I suspect that most readers will remember Saturday Night Theatre as starting at 8.30 p.m. running through until the 10 o’clock news. The “old” 9.15 start time was abandoned as from 24 September, 1960, and an 8.30 start continued until the end of March, 1986, when it was brought forward to 7 p.m., then altered to 7.45 p.m. as from 31 October, 1987, where it stayed until 22.9.1990. There was then a gap of over 2 years before Saturday Night Theatre was resurrected early in January, 1993, with a 7.50 p.m. kick-off. The final 90-minute play was aired on 29 June, 1996. There were occasions when Saturday Night Theatre was extended to 2 hours – e.g. the well-known adaptation of “The Cruel Sea” on 27.9.1980, and, exceptionally, 2½ hours in the case of Roy Clarke’s thriller “The Events at Black Tor” on 23 August in the same year.

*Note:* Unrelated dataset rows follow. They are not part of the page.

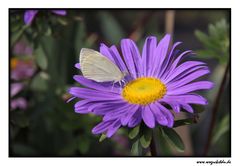 Schmetterling auf der Blüte III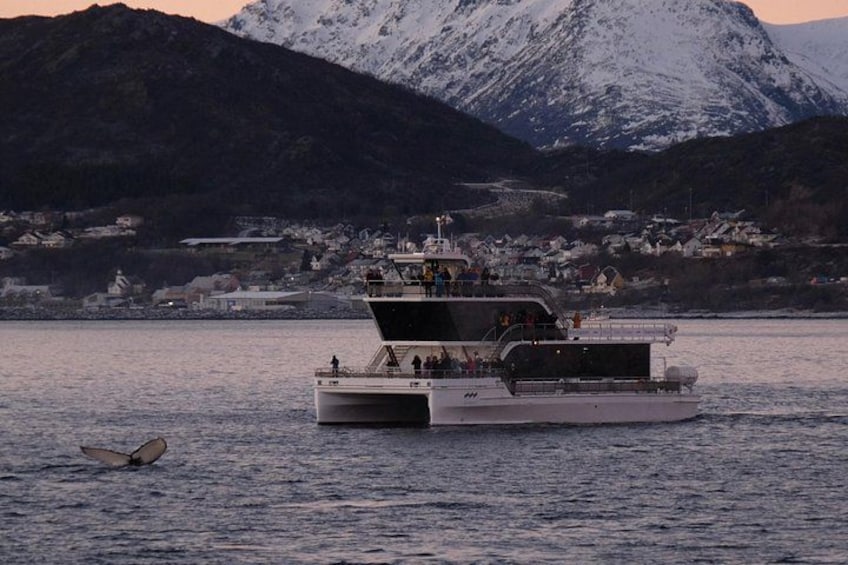 A boat with passengers, a bird flying near the water, and a snowy mountain in the background. 3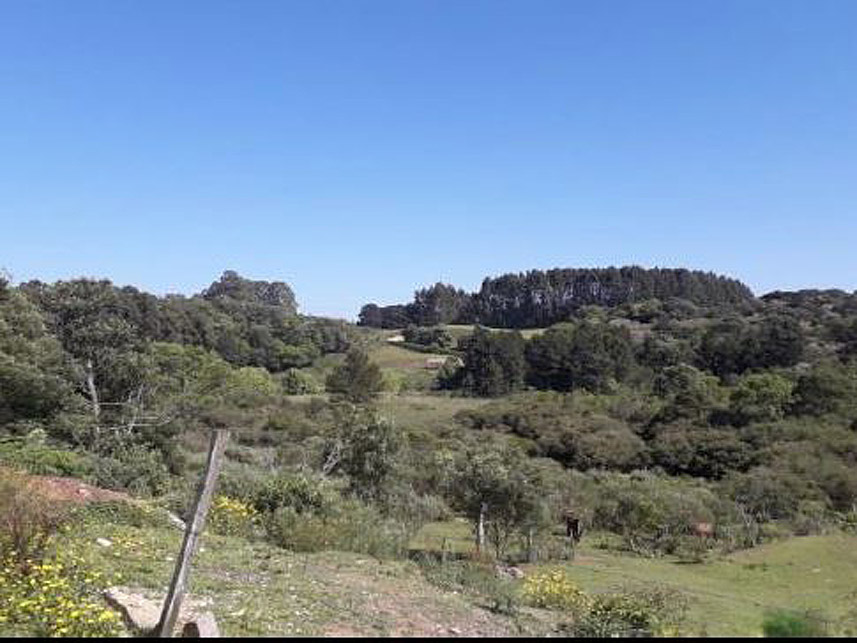 Imagem  do Leilão de Terreno - Serrano - Caxias do Sul/RS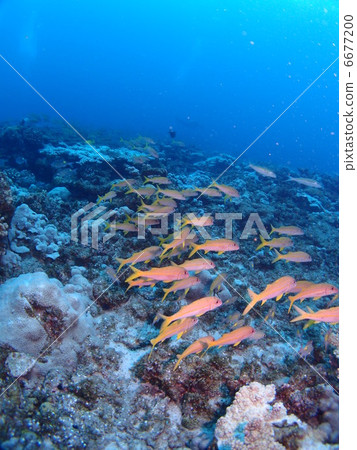 Flock of the acahipe Flock of the acahipe 6677200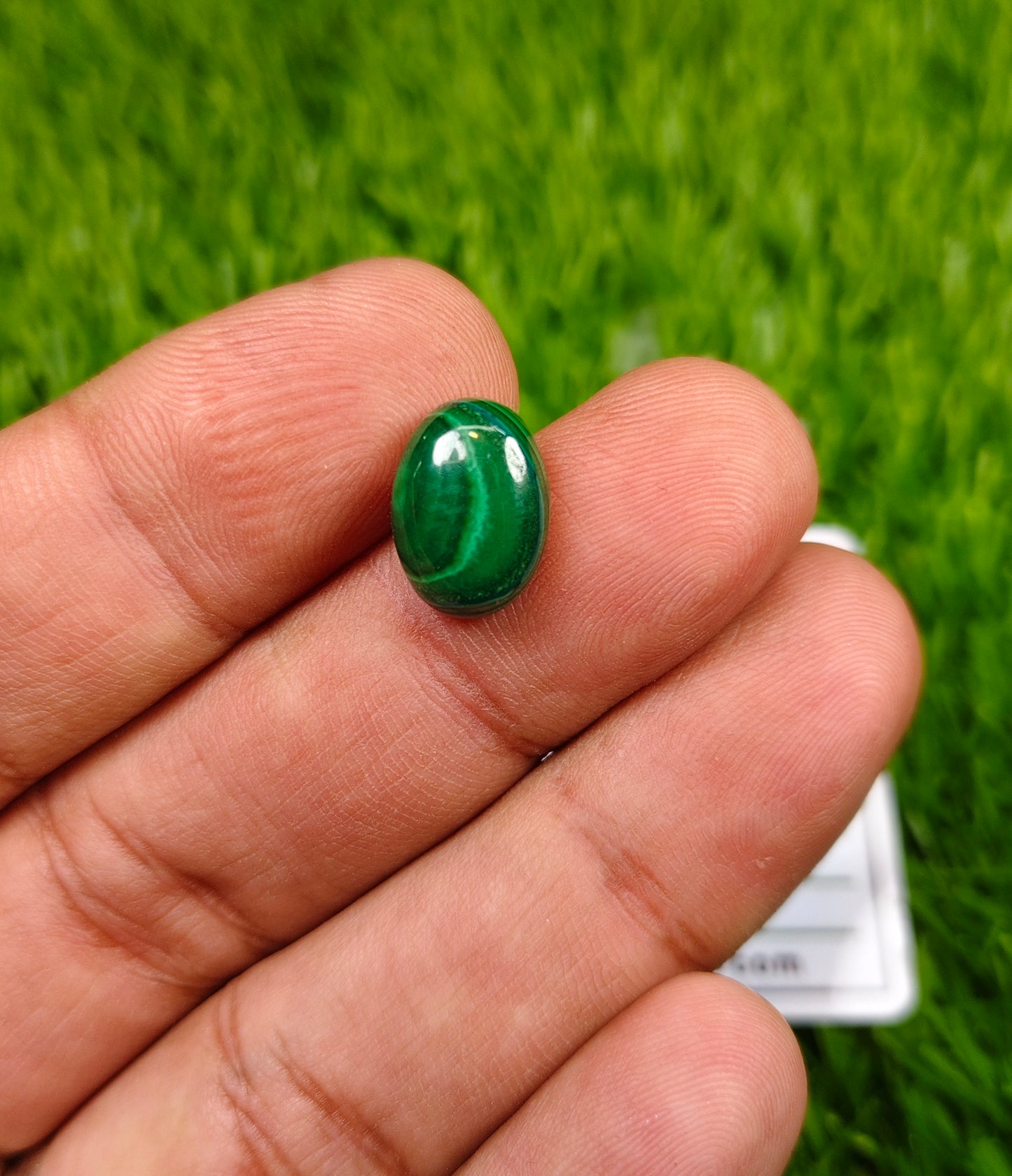 Kidney Stone With Lab certificate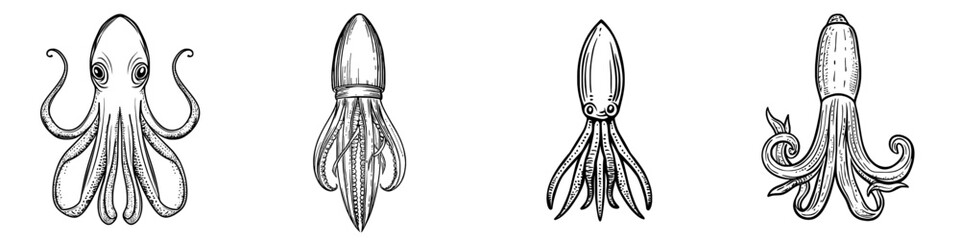A blue hooked squid with isolated tentacles is an underwater animal, a modern marine cephalopod creature equipped with suctions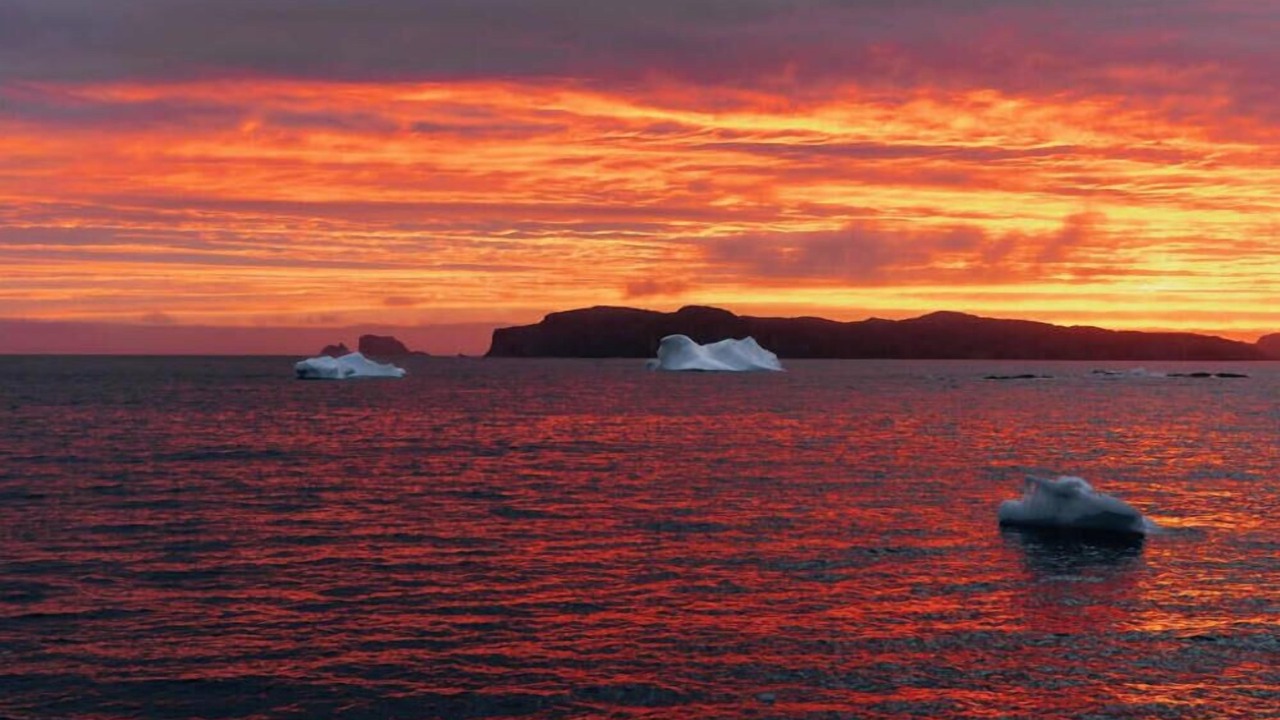 Photo of Others in Twillingate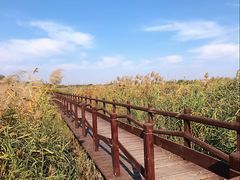-西青郊野公园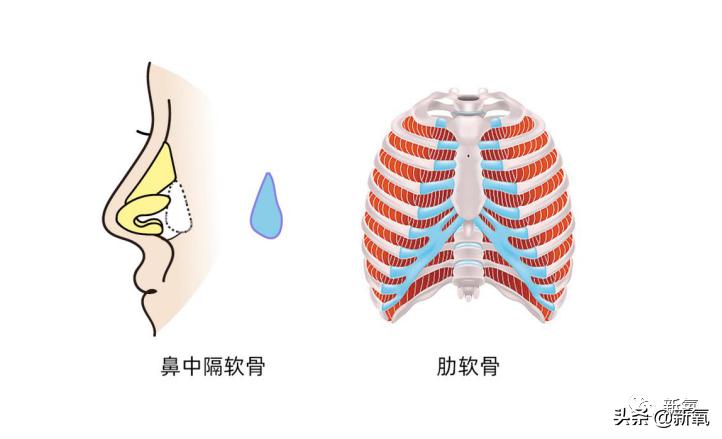 鞠婧祎鼻子有多漂亮,如何变成鞠婧祎同款鼻子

Incidentally, this had originally been aired as a 6-part serial on Radio 2 back in 1968, when such items appeared quite frequently. Stereo broadcasts on R4 of Saturday Night Theatre plays started late in 1973, but were spasmodic, and it was not until many years later that the material was recorded and broadcast in stereo week in, week out.

As to the roll-call of actors/actresses who have appeared over the years, one would need huge quantities of paper to provide a schedule. The long-defunct BBC Drama Repertory Company provided the backbone of the casts for most plays during what many regard as a ‘Golden Age’, but, on occasion, an external Repertory Company was used. Similarly, the list of authors is extensive : in some cases, very well-known, whereas others have been, shall we say, “one-hit wonders”. The list of Producers/Adapters is shorter, but names such as Martyn C. Webster, Howard Rose, Cynthia Pughe, Desmond Hawkins, Raymond Raikes, Archie Campbell, H.B. Fortuin, R.D. Smith, Val Gielgud, Audrey Cameron, Norman Wright, Betty Davies and Martin Jenkins will ring bells. As will those, more recently, of Alfred Bradley, Brian Miller, David Spenser, Glyn Dearman, Shaun MacLoughlin, Richard Wortley, John Cardy and Patrick Rayner.

Overall, Saturday Night Theatre represents an exceptionally valuable cross-section of the arts of acting, adaptation, production and writing for radio covering a period when radio drama was finding its feet, through to its full maturity and (some may say) its decline in the face of severe competition. Up until about mid-1988, BBC Sound Archives’ records show that 235 plays in the series had been officially archived, out of 2,300 or so which had been broadcast. Looked at another way, 90% of Saturday Night Theatre output had not been.

One could be very critical of this. However, in 2007, recording and archiving of both radio and TV material is both easy and cheap, and the cost, space and weight of keeping, for instance, one complete day’s output from a single channel, is minute, when compared with even 15 years ago, and infinitesimal when measured against the same parameters in the mid-1960s. In those days, quarter-inch tape was the principal medium, and, at even the lower preferred 7.5” per second recording speed, a 2400 ft 10½” spool, half-track monaural, would hold only a shade over 2 hours’ output. Weight just over 1 kg., cost in today’s money probably £30.00, so it is easy to see why so little could be retained, and why tape was re-used so often.

Of the plays which were archived, the vast majority are either by established authors and/or cover the more serious subject matter : lighter drama, such as thrillers, are poorly represented unless by very well-known writers. Yet, it is output of this genre which the general public probably remembers with affection, and which is far more likely to have been recorded by collectors.